Mientras esperábamos, formados como niños de escuela que aguardan su turno para cruzar la calle, nos encontramos con una cuadrilla de trabajadores que, escoltada por guardias del palacio, se trasladaban, asumo yo, a su sitio de descanso. La escena llamó poderosamente mi atención: todos iban uniformados del mismo color, con un carnet de identificación prendido de la chaqueta y en el mismo sitio, colocados por parejas y en fila india perfectamente alineados… ¡Eran la estampa del orden! En su mayoría se trataba de mujeres de mediana edad y hombres de más bien edad avanzada que se dedicaban a cuidar los jardines del palacio. Más adelante los volvimos a ver, esta vez en plena faena, trabajando literalmente hombro con hombro y sin dejar ninguna zona de su cuadrante por limpiar, incluso recogían una a una las hojas secas de entre la hierba, los arbustos y en la base de los árboles. ¡Me pareció increíble!
Llegados a la puerta de los jardines, nos encontramos con otro control de seguridad, donde nos hicieron entrega de un cupón numerado que ponía «visitor» y finalmente nos dejaron el libertad.
Aquí me di gusto haciendo fotos, ¡los jardines eran preciosos! Destacaban los colores del otoño, presentes en cada esquina; las tonalidades de rojo, naranja, rosa, amarillo… Los árboles, espectaculares; algunos muy frondosos, otros sin hojas aunque aún así imponentes. Las rosas chinensis brotaban por doquier; y fuentes de agua y bayas rojas y amarillas daban el toque final a la decoración del panorama. Se trata de un sitio muy tranquilo, en el que a pesar de estar en pleno Tokio se respira paz y sosiego.
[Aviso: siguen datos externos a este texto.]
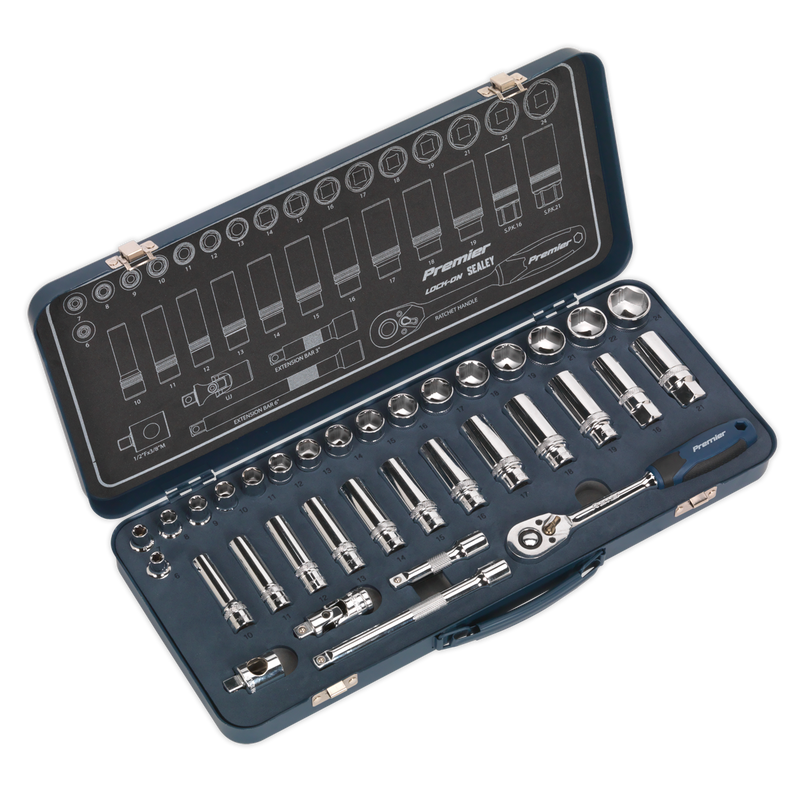 Socket Set 34pc 3/8"Sq Drive Lock-Onª 6pt Metric | Pipe Manufacturers Ltd..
No se escucha ni un sólo automóvil y no se ven los rascacielos que están construyendo a unos pocos kilómetros. Es un sitio ideal para hacer un picnic y echarse a leer un buen libro.
Mientras caminábamos nos encontramos con un par de pinos comunes, que según ponía la leyenda a sus pies había sido un regalo de los reyes de España para los emperadores japoneses y que la misma emperatriz Michiko los había sembrado. Lo primero que pensé al ver esto fue que cuando eres emperador es complicado regalarte algo que no tengas, así es que lo mejor es decantarse por algo original y natural, jajaja.
Tras despejar nuestros pulmones y mente en este paraje tan idílico, empezamos a sentir el efecto del hambre. Ésa fue la señal de que debíamos partir en busca de nuestra siguiente aventura. Obviamente, nos volvimos a perder buscando la estación del metro y terminamos comiendo en un pequeño restaurante que encontramos cerca. Tras mucho caminar hallamos una entrada al subterráneo totalmente distinta a aquella por la que habíamos salido originalmente. Y así, pusimos rumbo hacia Akihabara, el barrio geek/friki de Tokio y luego, en la noche: ¡Karaoke!
Dejaré la historia aquí por hoy. Espero que les haya gustado y, ¡gracias por leer las historias del perro viajante! 😉
Lussy
¡Konnichi wa, Naty san!!. Sin duda una experiencia inolvidable la visita al palacio imperial.
¡Madre mía! con los jardineros…sin comentarios. Y las fotos de los colores del otoño están preciosas.